# Honda gx 390 surging



## hungrybare (Sep 23, 2011)

Hey guys, just joined this super forum and looking for a little help.
I have a Honda 13 horse on a generator that would not run descent unless the choke was half closed. Naturally I assumed it was the carburator, took it apart three times and the first time it got better and the second time it got worse, started surging but still not as bad as originally. So I gave in and spent the 18.00 for a new carb. and guess what, it made no difference. 
What else could this be besides the carb or the gaskets between the carb and manifold?


----------



## 30yearTech (Sep 14, 2006)

If your sure you have the gaskets arranged properly, then the next thing to try is a static governor adjustment.


----------



## hungrybare (Sep 23, 2011)

Thanx for the advice 30, I played with the governor tonight a little and got it to stop surging but it still runs better with the choke slightly closed or a mist of carb cleaner spraying into the carb throat. Seems like a vacuum leak but I can't find it by spraying choke cleaner around the gaskets.


----------



## 30yearTech (Sep 14, 2006)

Are you sure you purchased the correct carburetor for your engine? Sounds like it's not delivering enough fuel.


----------



## hungrybare (Sep 23, 2011)

I'm pretty sure I did, or do they make more than one for the GX 390

http://www.ebay.com/itm/160635781831?ssPageName=STRK:MEWNX:IT&_trksid=p3984.m1439.l2649


----------



## 30yearTech (Sep 14, 2006)

Would need the spec numbers off your engine to see if this carburetor is correct for your engine.


----------



## hungrybare (Sep 23, 2011)

I have the serial no. but havn't found a reference to match up the carb. no to the engine. VAG2
GCAA-2607149


----------



## 30yearTech (Sep 14, 2006)

I also cannot find a part number for the correct carburetor for a VAG2 that falls into that serial number range.

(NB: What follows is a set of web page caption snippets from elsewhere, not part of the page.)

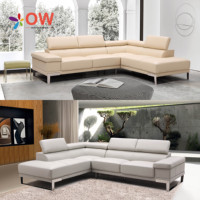 Canapé d'angle en cuir véritable de style nordique moderne et simple pour hôtel, villa, salon, meubles de style Chesterfield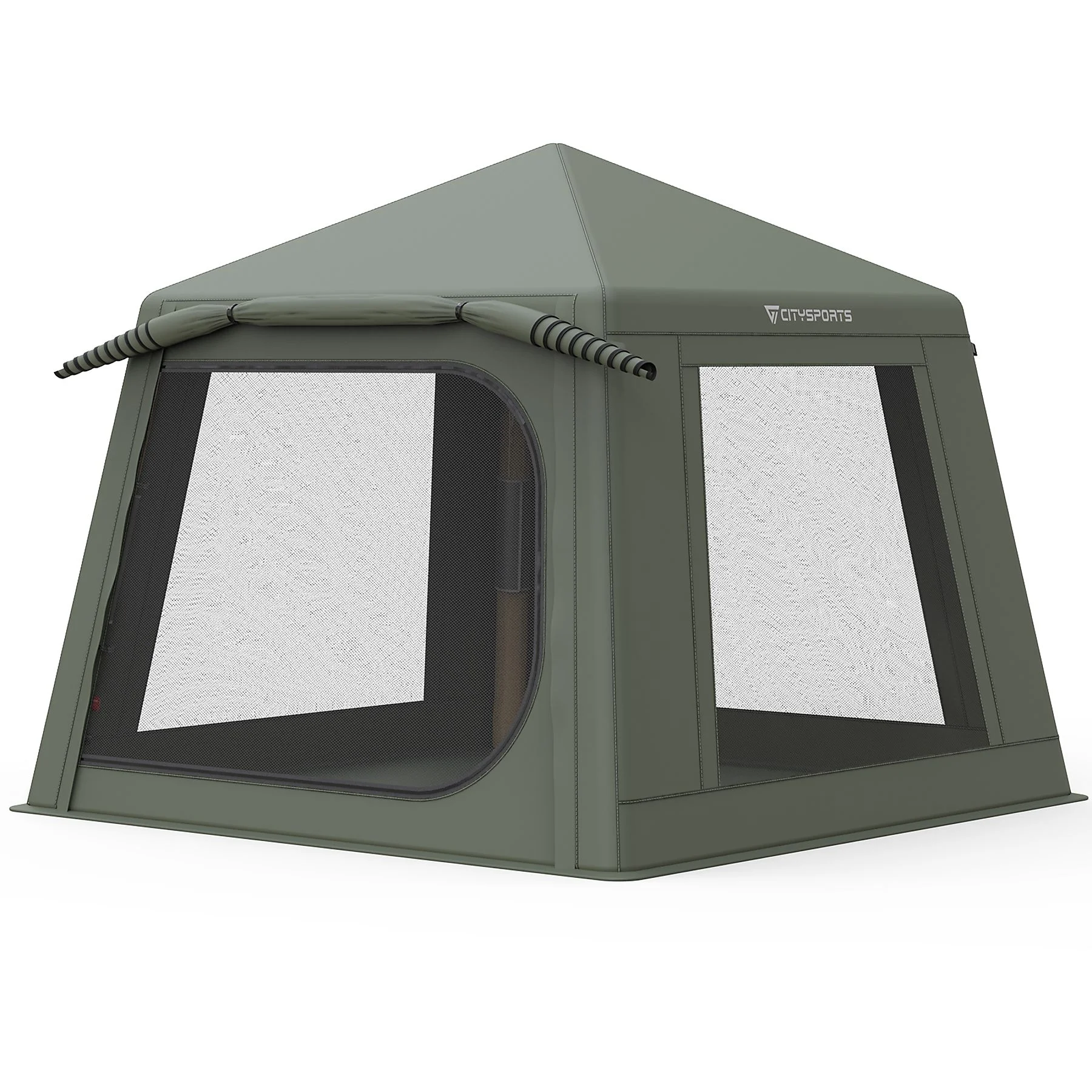 Aufblasbares Campingzelt mit großem Vordach & Rainfly – 2–4 Personen, Grün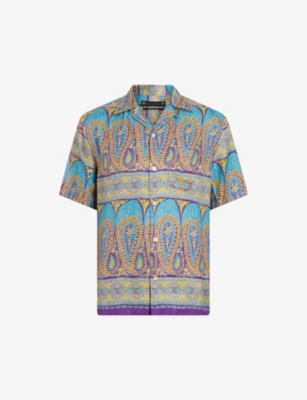 Shop Allsaints Pennard Graphic-print Short-sleeve Woven Shirt In Costello Blue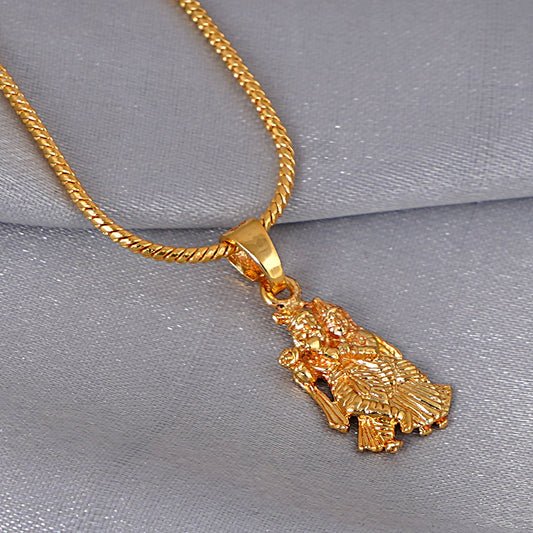 Divine Radha Krishna Gold-Plated Pendant With Round Chain | Yehra Designs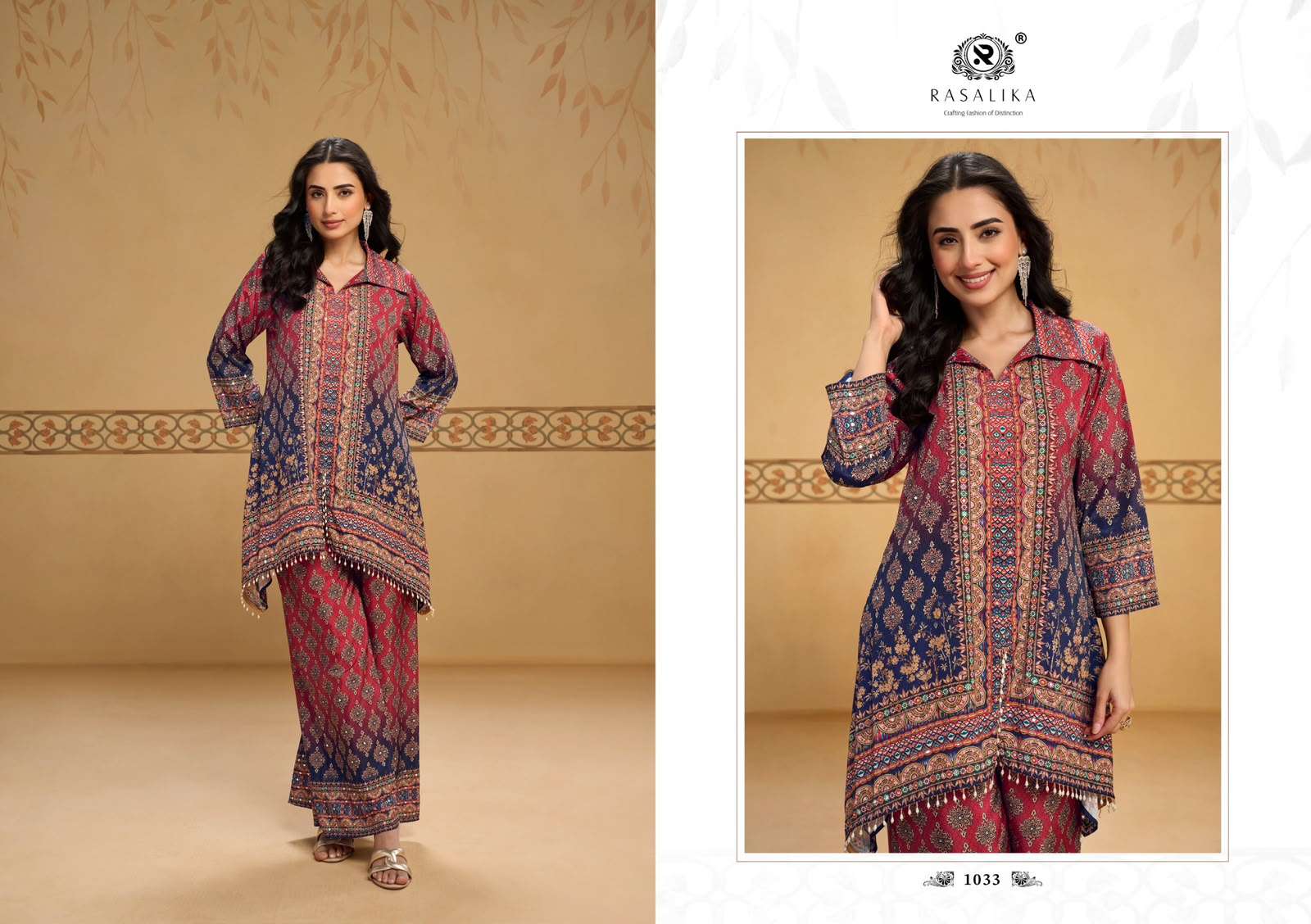 RASALIKA SUKH CREP SILK DIGITAL PRINT WITH EMBELLISHED MIRROR WORK CORD SET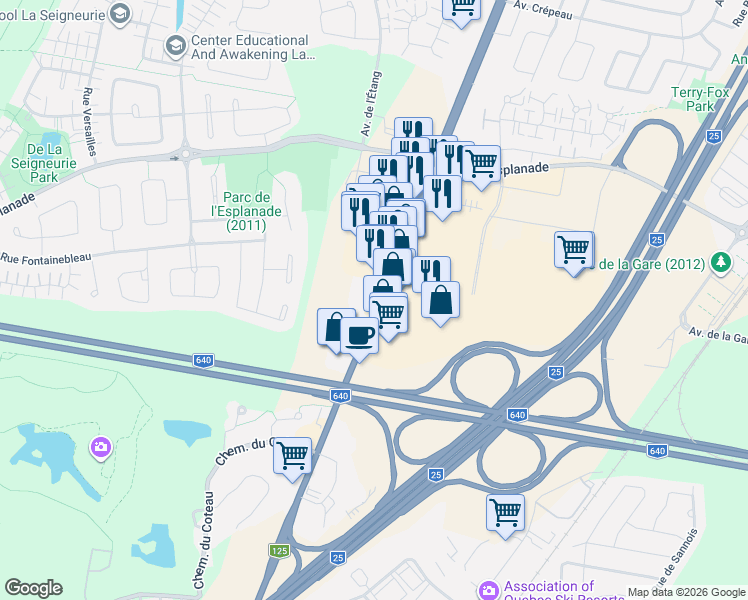 map of restaurants, bars, coffee shops, grocery stores, and more near 118 Montée Masson in Mascouche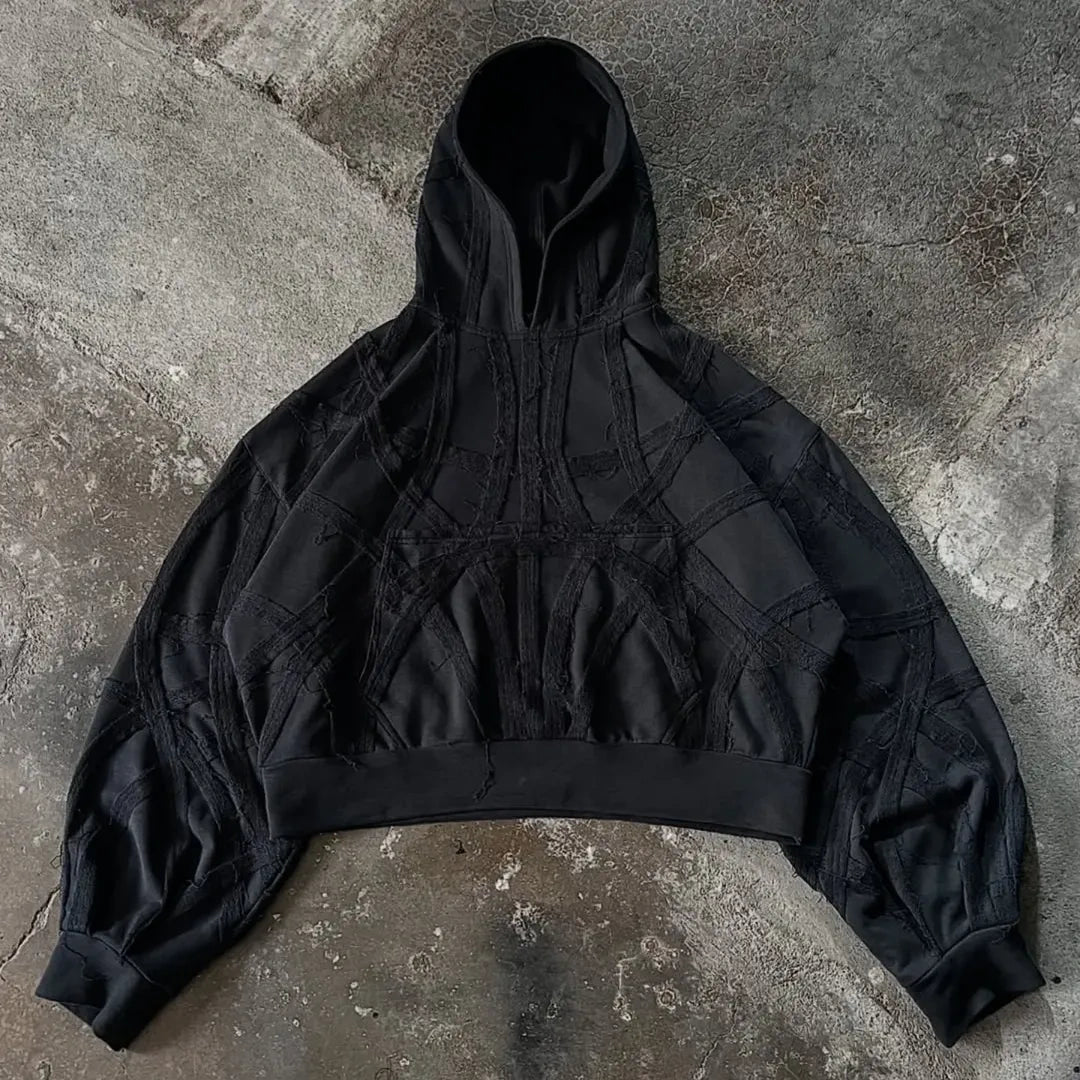 Oversized Black Cropped Hoodie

The part number I came up with for a VAG2 only shows a much higher s/n range and runs around $80.00. I believe the carburetor you purchased may be an aftermarket unit, and may not have the correct jet for your engine as it sounds like it's not delivering enough fuel.


----------



## hungrybare (Sep 23, 2011)

Thanx 30 yr. I think I am going to take the new one apart (only 18.00) and compare it with the original, but I don't really expect to find any difference that I can actually see, and the original had the same problem.
Just really frustrating


----------



## 30yearTech (Sep 14, 2006)

Was the original surging? 
Or
Did it also need to be partially choked to keep running?


----------



## hungrybare (Sep 23, 2011)

The original wouldn't even run with the choke open, After I took the carb apart the first time it ran better, so I thought I was on the right track. There was no dirt in the carb what so ever, Cleaned all the little holes with a torch tip cleaner, blew choke cleaner through everything and back together. After I took it apart for the third time ( I think ) it started surging so I ordered the new one. This generator was sitting for a while so I expected to find varnish and gunk in the carburator but it was totally clean.


----------



## geogrubb (Jul 28, 2006)

Install a new spark plug, that seems to be the standard fix all for a Honda. Have a good one. Geo


----------



## hungrybare (Sep 23, 2011)

New sparkplug made no difference, Just for the heck of it I drilled out the original main jet and put it in the new carb (3/64") and it run like it was getting too much gas or the choke was on, which makes sense I guess. Just kinda banging my head against the wall trying to figure out what to do next when everything points to the carburator. And the new one does the same thing as the original.


----------



## geogrubb (Jul 28, 2006)

I am not familar with the engine, however, when you sprayed the carb cleaner did you also spray along the intake to the block, it may have a cracked intake. Have a good one. Geo


----------